A Prefect Melding of 18th Century and Modern Life

In the Gem at Little Rest, also known as the Baker Greene Home, the kitchen occupies a place of rare continuity. It is a room where the architecture of the late eighteenth century meets the quiet necessities of modern life, each held in balance with a kind of reverence for the home’s long history. Built in 1788, when the work of the day was measured by hand and hearth, this kitchen remains—still—the beating heart of the house.


Here, the craftsmanship of early New England is present in nearly every surface. The counters, fashioned from wide pumpkin pine boards, carry the warm, mellow glow that only centuries of use can produce. Along the far wall stretches a remarkable artifact: Baker Greene’s own original work top, transformed into the long counter that anchors the room. Its grain, its worn edges, its gentle unevenness have preserved the story of a man whose hands shaped both bread and history in this very space.


The cabinet doors, also crafted from eighteenth-century pumpkin pine, open with the soft creak of age, their iron strap hinges echoing the simplicity and sturdiness of colonial design. These are not merely cupboards; they are remnants of a time when construction meant intention, when wood was chosen not for its perfection but for its lasting character.


Light enters through multipaned windows that have watched the seasons change for more than two hundred years. The black-painted trim, bold and historic, frames each view like a portrait: leaves falling in autumn, snow gathering in winter, the long and welcome light of spring and summer. Under these windows, the counters invite both work and reflection, offering space for preparing a meal or simply pausing to take in the landscape beyond.


At the room’s center stands a broad wooden island, substantial and warm to the touch. It is the gathering point of the modern kitchen, echoing the worktables of the eighteenth century where families convened without ceremony. Above it hangs a colonial-style chandelier, its candle-shaped bulbs casting a familiar, amber glow that softens the room and recalls the rhythm of life before electricity.


And then there is the baker’s nook—an ingenious marriage of past and present. Once part of the original food-preparation area, this recessed alcove now holds the home’s modern oven, cleverly concealed so that its function serves the household while its appearance maintains the integrity of the centuries-old architecture. In this space, the contemporary world steps politely behind the craftsmanship of another era, allowing the kitchen to remain true to its origins.

Knives hang neatly along the wall, cast-iron pans rest from sturdy pegs, and light wavers softly through perforated tin sconces—all elements that speak to an earlier way of living, yet still feel perfectly at home in this restored and working kitchen.

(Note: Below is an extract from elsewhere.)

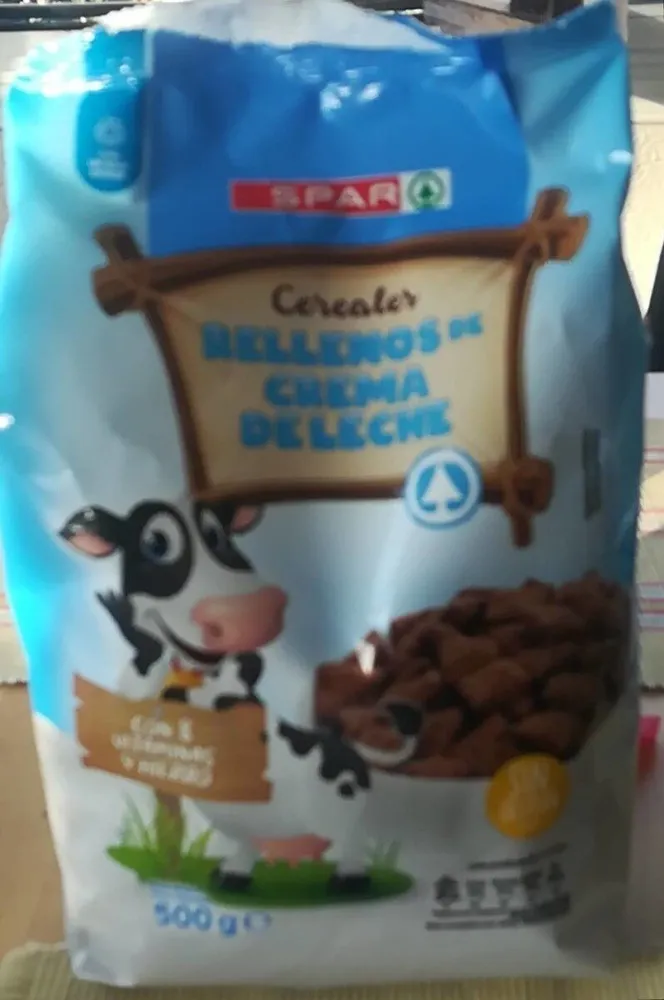 Cereales rellenos de crema de leche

In the Baker Greene Home, the kitchen is more than a place to cook. It is a testament to continuity, a space where the past is not preserved under glass but lived with and built upon. Here, among the broad pine boards and hand-wrought hinges, one senses the enduring truth of early American homes: that life’s simplest acts—preparing food, sharing warmth, gathering with loved ones—are the ones that tie generations together.